This process is called one-hot encoding.

You can see what the first label of the training data is when it’s been one-hot encoded using the following chunk of code. (Still in iex):

    labels
|> Digits.Model.transform_labels()
|> Nx.slice_axis(0, 1, 0)

  

This should output the following tensor:

    #Nx.Tensor<
  u8[1][10]
  [
    [0, 0, 0, 0, 0, 1, 0, 0, 0, 0]
  ]
>

  

Remember, we’re working with the number 5 right now. This tensor is an array of zeros with a 1 in the index for the 5. Counting from 0, the 1 is in the 5th spot.

Next, we convert the images and labels into batches. During training, we feed the data into the model in batches rather all at once. In this example we’re using a batch size of 32. This means each batch will include 32 examples.

    batch_size = 32

images =
  images
  |> Digits.Model.transform_images()
  |> Nx.to_batched(batch_size)
  |> Enum.to_list()

labels =
  labels
  |> Digits.Model.transform_labels()
  |> Nx.to_batched(batch_size)
  |> Enum.to_list()

  

Next, we zip the images and labels together using Enum.zip. Then we split the dataset into training, testing, and validation datasets. We need to use the majority of the data for training, and then a portion of the data to use to test the accuracy of the model. In this example we’re using 80% of the data for training and validation, and the remaining 20% unseen data will be used for testing.

    data = Enum.zip(images, labels)

training_count = floor(0.8 * Enum.count(data))
validation_count = floor(0.2 * training_count)

{training_data, test_data} = Enum.split(data, training_count)
{validation_data, training_data} = Enum.split(train, validation_count)

Phew! That may seem pretty heavy but we’ve already achieved a lot! We’ve downloaded our training data, preprocessed it, and got it ready for building the model. During a real-life machine learning project you will likely spend a lot of time at acquiring, cleaning, and manipulating the data. We’re now in a great position to build and train the model!

Building the model

Next up we’ll use Axon to build the machine learning model. Add a new function to the Digits.Model module with the following code:

    def new({channels, height, width}) do
  Axon.input("input_0", shape: {nil, channels, height, width})
  |> Axon.flatten()
  |> Axon.dense(128, activation: :relu)
  |> Axon.dense(10, activation: :softmax)
end

  

First we need to set the input shape of the model to fit our training data. Next we flatten the previous layer and add a dense layer that uses relu as the activation function. Finally the output layer returns one of 10 labels (because our labels are 0 - 9).

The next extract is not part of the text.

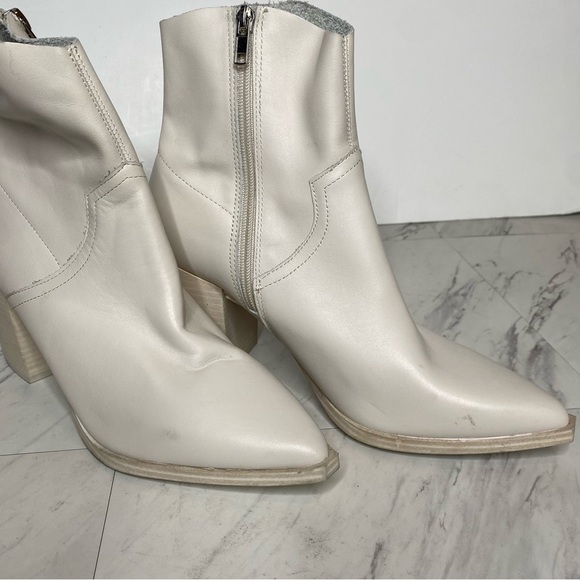 Steve Madden Cate White Leather Heeled Bootie 11M - Picture 9 of 14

You can experiment with different model configurations to get different results.

Training the model

Now that we have the data and the model, we can start training. Add another function to Digits.Model to train the model:

    def train(model, training_data, validation_data) do
  model
  |> Axon.Loop.trainer(:categorical_cross_entropy, Axon.Optimizers.adam(0.01))
  |> Axon.Loop.metric(:accuracy, "Accuracy")
  |> Axon.Loop.validate(model, validation_data)
  |> Axon.Loop.run(training_data, %{}, compiler: EXLA, epochs: 10)
end

  

We’re using categorical cross entropy because we’re matching multiple labels and the “adam” optimizer because it gives fairly good results. We’ll track a single accuracy metric, and we’ll also validate the model with our validation data from earlier to ensure the model is not over-fitting on the training data.

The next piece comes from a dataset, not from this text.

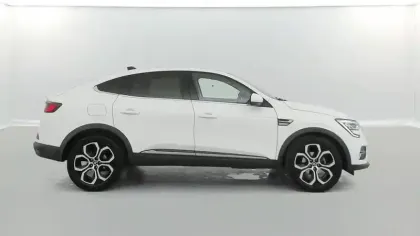 Photo 14 Renault Arkana  TCe 140 EDC FAP - 21B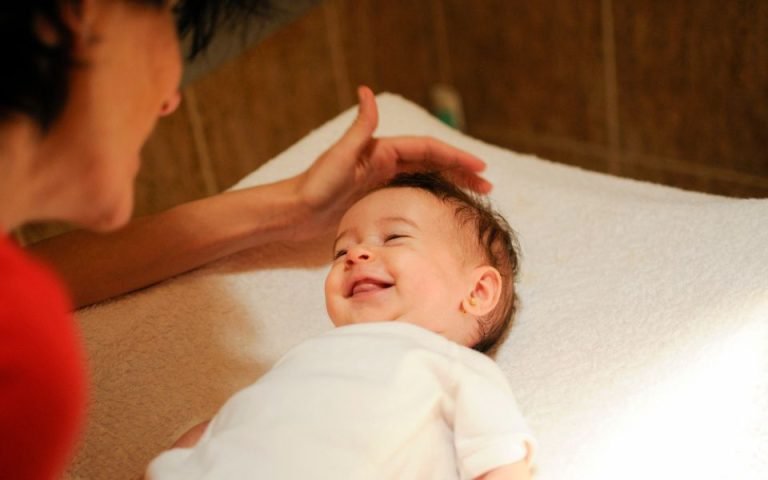 8 Rekomendasi Minyak Rambut Bayi agar Lekas Tumbuh, Simak!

Finally we’ll use EXLA as the compiler and we’ll train for 10 epochs. An epoch is one cycle through the data, so this means we’ll cycle through the data 10 times during training.

Testing our model

We can also test our model after training to get an idea of how well it performs. Add the following function to Digits.Model:

    def test(model, state, test_data) do
  model
  |> Axon.Loop.evaluator()
  |> Axon.Loop.metric(:accuracy, "Accuracy")
  |> Axon.Loop.run(test_data, state)
end

  

This tests the model using previously unseen data to check the accuracy of the predictions.

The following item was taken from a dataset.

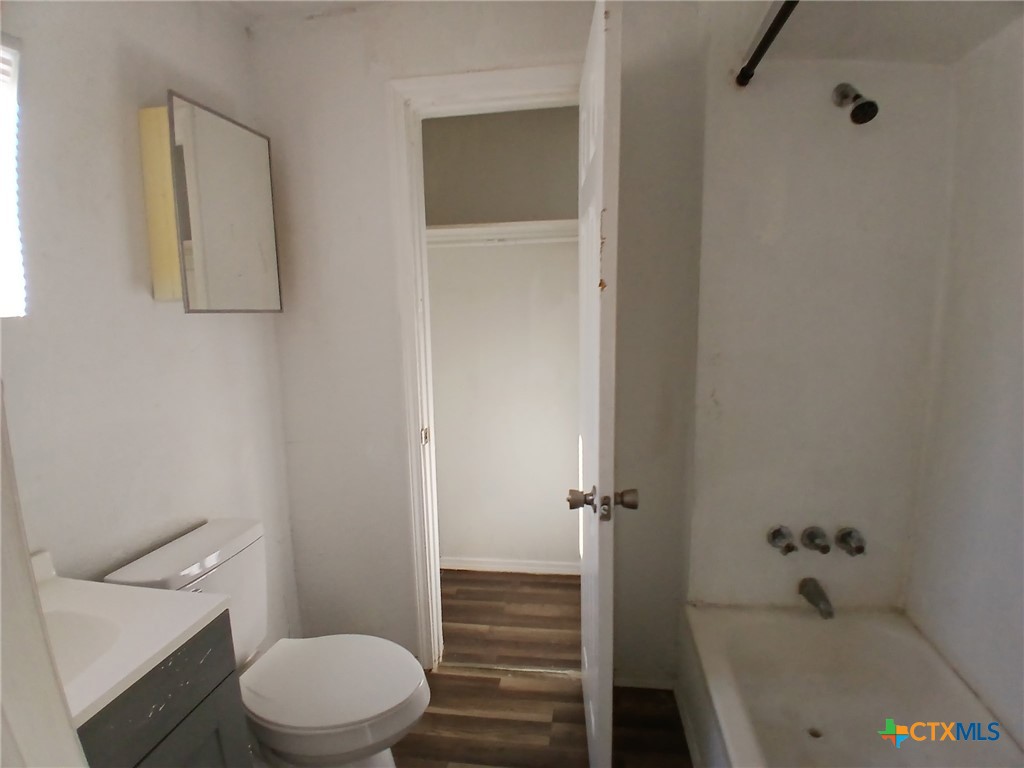 1301 S 19th Street Property Photo 4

Saving and loading our model

The final thing to do is to add the ability to save and load the model. Our model is just an Elixir struct, so saving and loading it is simply a case of using Erlang’s binary_to_term/1 and term_to_binary/1 functions:

    def save!(model, state) do
  contents = Axon.serialize(model, state)

  File.write!(path(), contents)
end

def load! do
  path()
  |> File.read!()
  |> Axon.deserialize()
end

def path do
  Path.join(Application.app_dir(:digits, "priv"), "model.axon")
end

  

Running the model

Now that we’ve written all the code to transform the data, train, and test our machine learning model, we’ll write a mix command to put it all together:

NOTE: The mix task locally caches the downloaded Minst data set so it doesn’t download it every time it’s run.

    defmodule Mix.Tasks.Train do
  use Mix.Task

  @requirements ["app.start"]

  alias Digits

  def run(_) do
    {images, labels} = load_mnist()

    images =
      images
      |> Digits.Model.transform_images()
      |> Nx.to_batched(32)
      |> Enum.to_list()

    labels =
      labels
      |> Digits.Model.transform_labels()
      |> Nx.to_batched(32)
      |> Enum.to_list()

    data = Enum.zip(images, labels)

    training_count = floor(0.8 * Enum.count(data))
    validation_count = floor(0.2 * training_count)

    {training_data, test_data} = Enum.split(data, training_count)
    {validation_data, training_data} = Enum.split(training_data, validation_count)

    model = Digits.Model.new({1, 28, 28})

    Mix.Shell.IO.info("training...")

    state = Digits.Model.train(model, training_data, validation_data)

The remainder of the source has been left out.